That's basically what I figured, too - but I don't have enough experience yet to be sure of that reasoning considering the very strong "everyone needs f2.8 zooms" opinions.



wickidwombat said:


> a neat trick with event photography is use a slower shutter speed to balance the ambient while keeping a decent iso


Thanks a lot for this and the other hints, it's just a pity the Canon cameras have such a slow x-sync (6d: 1/180s...), but I really have to test 2nd curtain sync more to get a feel how much it can make a bit of motion blur "snappier" and at what export resolution.


----------



## wickidwombat (Jan 31, 2013)

Marsu42 said:


> Thanks a lot for this and the other hints, it's just a pity the Canon cameras have such a slow x-sync (6d: 1/180s...), but I really have to test 2nd curtain sync more to get a feel how much it can make a bit of motion blur "snappier" and at what export resolution.



x-sync is irrelevent when dragging the shutter since you are shooting at 1/10th second or so
2nd curtain sync basically fires the flash at the back of the exposure rather than the beginning
and so freezes the subject over the top of any blur that might have occured from movement
its a cool technique for dancing etc since it captures the motion in a more natural way than 1st curtain would


----------



## Drizzt321 (Jan 31, 2013)

Marsu42 said:


> wickidwombat said:
> 
> 
> > as for the tamron well I've had bad tamron encounters in the past so i'm really gun shy about this lens and have a somewhat prejudiced opinion which isnt helped when people report front elements falling out
> ...



I'll second that the Tamron 24-70 f/2.8 VC is quite good. Maybe not quite up to the Canon 24-70 v2 in terms of sharpness and most build quality, but I can say from experience the build quality is definitely up there, and even wide open at ISO 6400 it was giving me quite good photos. Lighting for me was just horrendous though, probably worse than pretty much any wedding.


----------



## robbymack (Jan 31, 2013)

It's all a trade off. Some like to shoot wide open with no flash and sacrifice dof, others like to shoot stopped down and add flash to maintain dof. Just comes down to preference. The f2.8 zooms will give you better af performance on some bodies so that is why they like them, plus the added versatility of a zoom vs several primes.


----------



## Marsu42 (Jan 31, 2013)

wickidwombat said:


> x-sync is irrelevent when dragging the shutter since you are shooting at 1/10th second or so



Wow, I really have to try that - but 1/10s does result in shots with a large motion trail that are rather "artistic", doesn't it? Or you could even pull a sample shot out of your stack  ?

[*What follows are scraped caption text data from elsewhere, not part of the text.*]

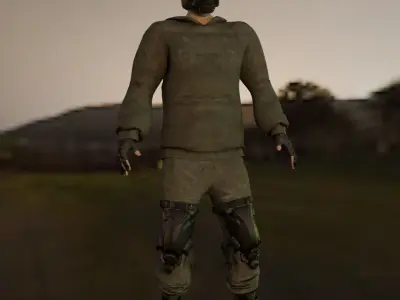 Cyberpunk Character Cyber Rascal 3D model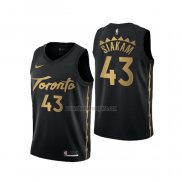 Camiseta Toronto Raptors Pascal Siakam NO 43 Ciudad 2019-20 Negro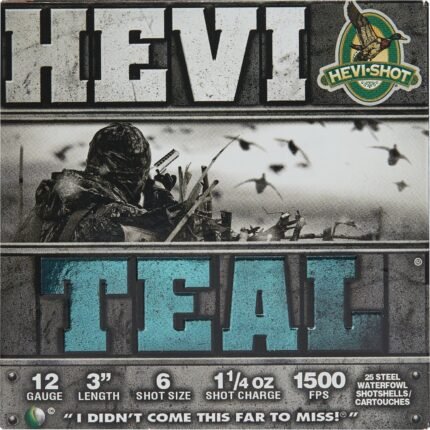 HEVI-Shot® HEVI-Teal 12 Gauge Shotshells - 25 Rounds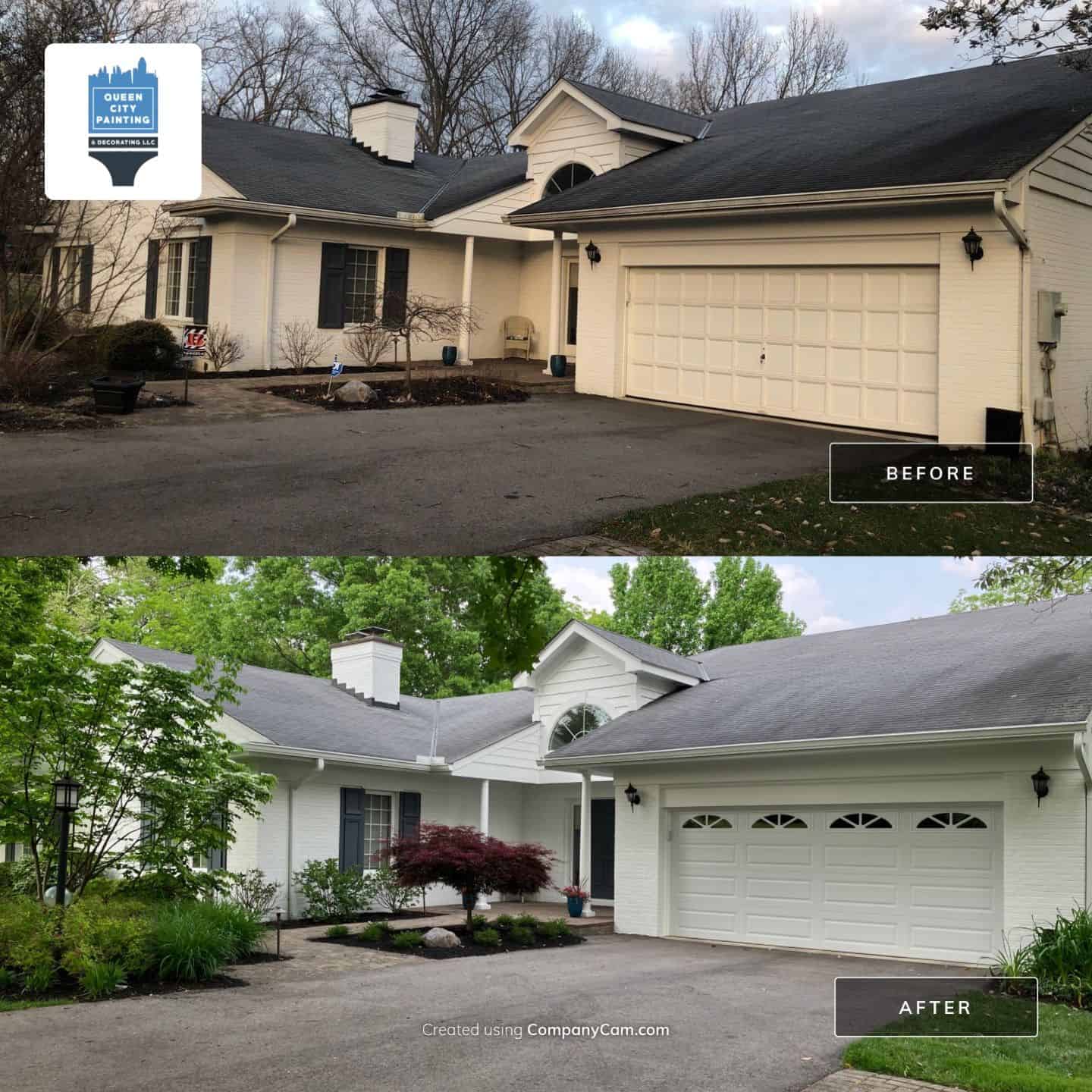 before and after exterior house painting
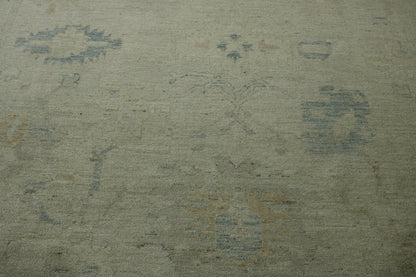 Back of Oushak Wash Chobi hand-knotted rug
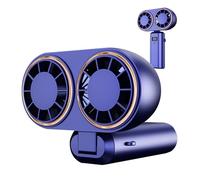 Ventilatore Portatile - Tripla Velocità con Display Digitale e Design Pieghevole | ricaricabile da tavolo e da mano,per studenti ragazzi ragazze adolescenti adulti estate soggiorno scuola campeggio sp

I thought more of a 1/60s as the lower limit (and conveniently settable in the camera fw), and the upper x-sync limit with 2nd curtain was meant if for fast motion 1/500s+ would be more appropriate, but a lower shutter speed captures more ambient/background light at acceptable iso.


----------



## RS2021 (Jan 31, 2013)

Marsu42 said:


> The standard lens requirement for shooting events/weddings seem to be a combination of 24-70/28 and 70-200/2.8, I read both are nailed to a pro's camera 90% of the time (though I have problems doing the maths )



I disagree with your basic presmise that 24-70 and 70-200 are "nailed" to wedding photographer's SLR's...and are "must-have" lenses. This is simply not accurate. 

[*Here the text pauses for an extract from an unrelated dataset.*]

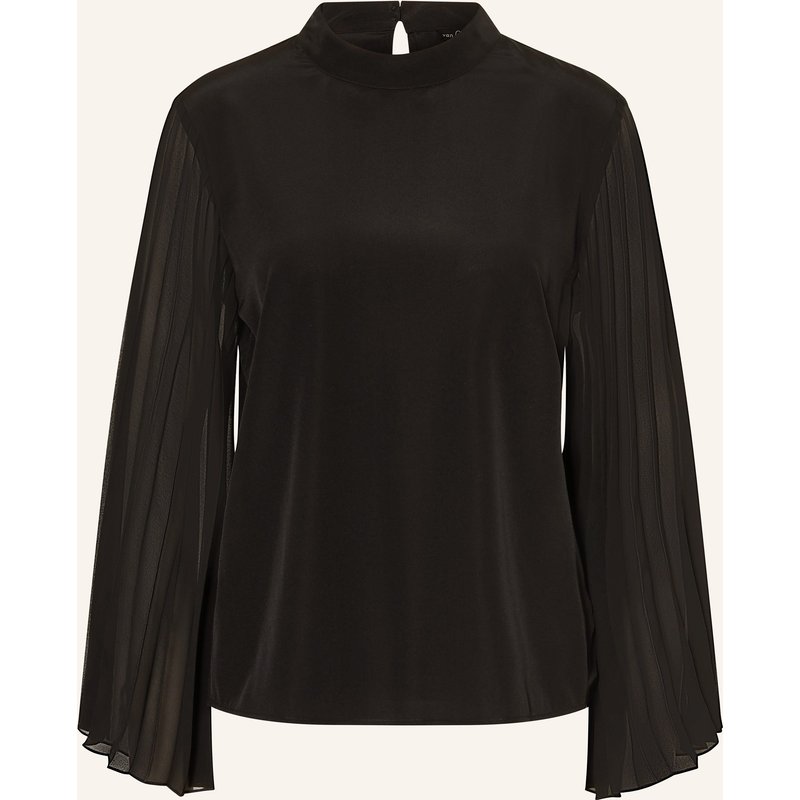 Van Laack Blusenshirt Vl-Ozias-Xx Im Materialmix schwarz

One wedding photographer I know uses his crop body and just two EF-S lenses and has a bag full of speedlights and radio gear ...he looks through my L lenses and smirks... "so, more toys I see?" Another is an old timer who can pick his L-lenses from his oversized bag, but what sticks out in my mind is not his lens collection...but what he said about the amateurish need for razor thin DOF of f/1.2 on every occation...to paraphrase: 

"You want a DOF where the bride appears to stand out _amongst_ her guests, not so shallow a DOF that she apears to stand alone at her own party; it would be rather sad and a terrible waste of effort to have invited all those people!" (P.S. This gentleman also uses for the bride's portraits a softfocus prime 135 f/2.8!!!)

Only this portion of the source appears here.